Space, the Final Frontier

Thanks for the comments, Dean. I love the new look, though I'm a glutton for most anything space related. A use of our tax dollars that I'm thrilled over is that much of NASA's images are not copyrighted and their use guidelines are extremely generous. I wanted to be an astronaut more than anything else when I was a child and it's never really gone away. I'd blast off tomorrow if I had the opportunity.

Here are some sites for NASA images:

Once upon a time, I'd have to haunt antique stores looking for paper ephemera, either for my own collections or for my crafting, but what joy to find so much available on the internet.

I did step outside to watch the eclipse but only for about 3 minutes during the peak. It was frigid and 2 coats, 2 scarves, hat ands gloves still left me frozen to the bone. I really wish that I knew how to take night pictures. There have been some views of the moon that were breath-taking.

If you're also a Space fan, I'd highly recommend the movie "In the Shadow of the Moon." I saw it at the local museum, but it's now available on DVD too. I remember as a child sitting in class as we watched rocket launches and recoveries. There was a sense of awe and wonder that feels sadly absent in later generations.

And, I can't see the stars anymore. One of my strongest memories was of my first visit to the then uber rural ancestral home back in Bangladesh. The only lights available were wood fires and oil lamps. It truly seemed that that hemisphere of Earth had more stars in the sky than did ours.

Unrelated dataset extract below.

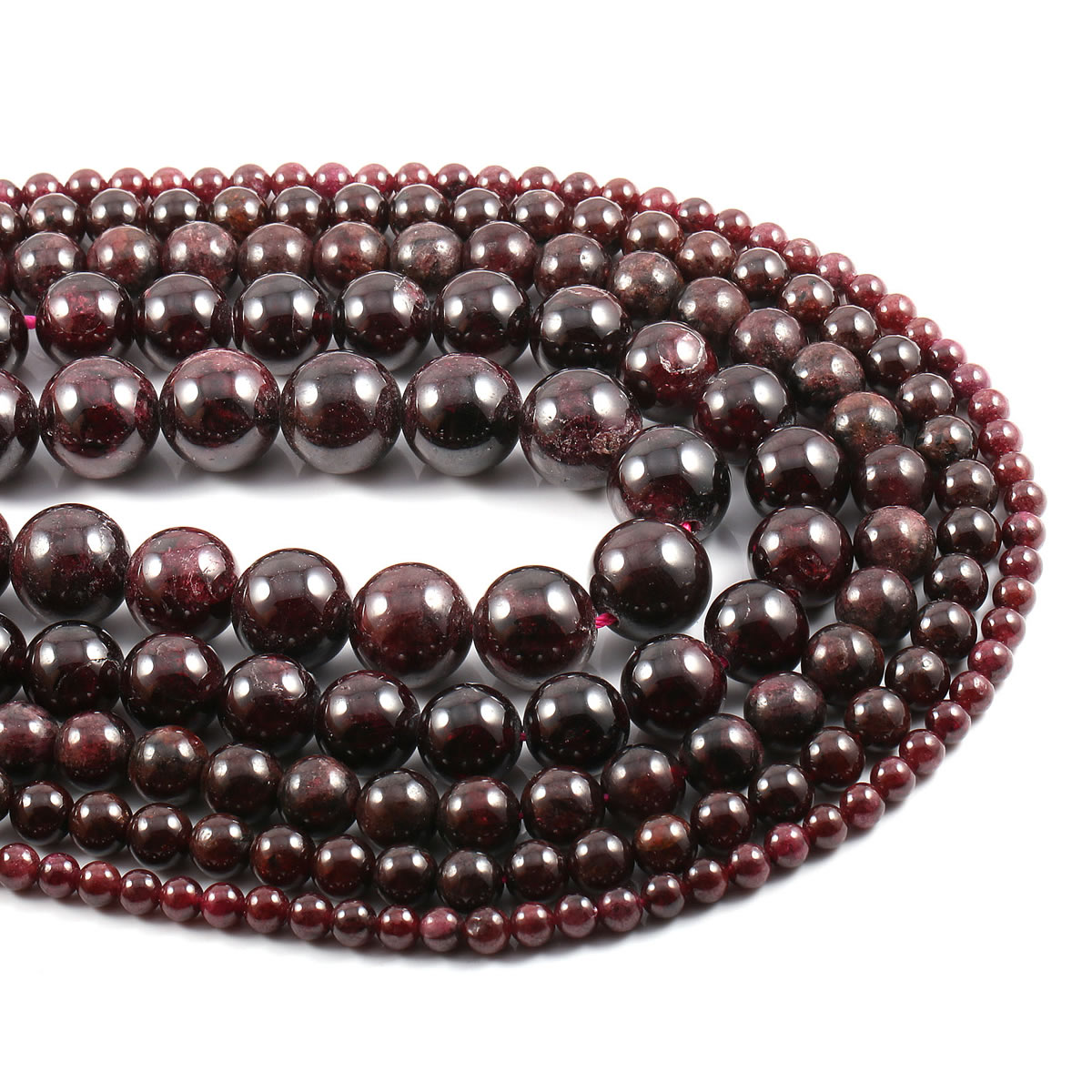 Cuentas de piedra Natural granate rojo oscuro 4/6/8/10/12mm bola redonda cuentas sueltas para hacer joyería collar DIY pulseras Accesorios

The Vancouver Sun had an article on the damage caused by light pollution that would be worth your time to read.

When I get home late at night, I do appreciate enough light to see that I can safely walk to the front door. But that's never caused me to gasp in awe or fill my soul as the drive through rural, no-lights roads on the way home always does. Motion-activated lights are the way to go.

Well, no politics tonight. I'll save that for another night.


DeanB said...

That's right, I've been thinking of you as a political activist for so long that I forgot the Star Trek fan side of you.

We saw a wonderful ranger talk in Acadia National Park last summer about stars and the place they have always played in the human imagination, and the problems of light pollution. Acadia has one of the darker skies in the lower 48 states but still it's not as dark as it used to be. On clear dark summer nights I can see the milky way from our house in Maine. I don't know if it's not there in the winter sky or if I don't stay outside long enough to get dark-adapted.

I was greatly enjoying going on midnight moonlight snowshoe walks this winter. Not so many stars as in the dark of the moon but still beautiful.

The problem with motion-activated lights is that you have to disable them if you want to go outside stargazing.

gulnari said...

Salam Alaykum

I found your blog sort of accidentally through craftster. I looked through your art gallery and I thought that your art is truly beautiful and stunning. You are amazingly skilled! Mashallah. Always happy to see Muslim craters' and artists' work. :) Take care.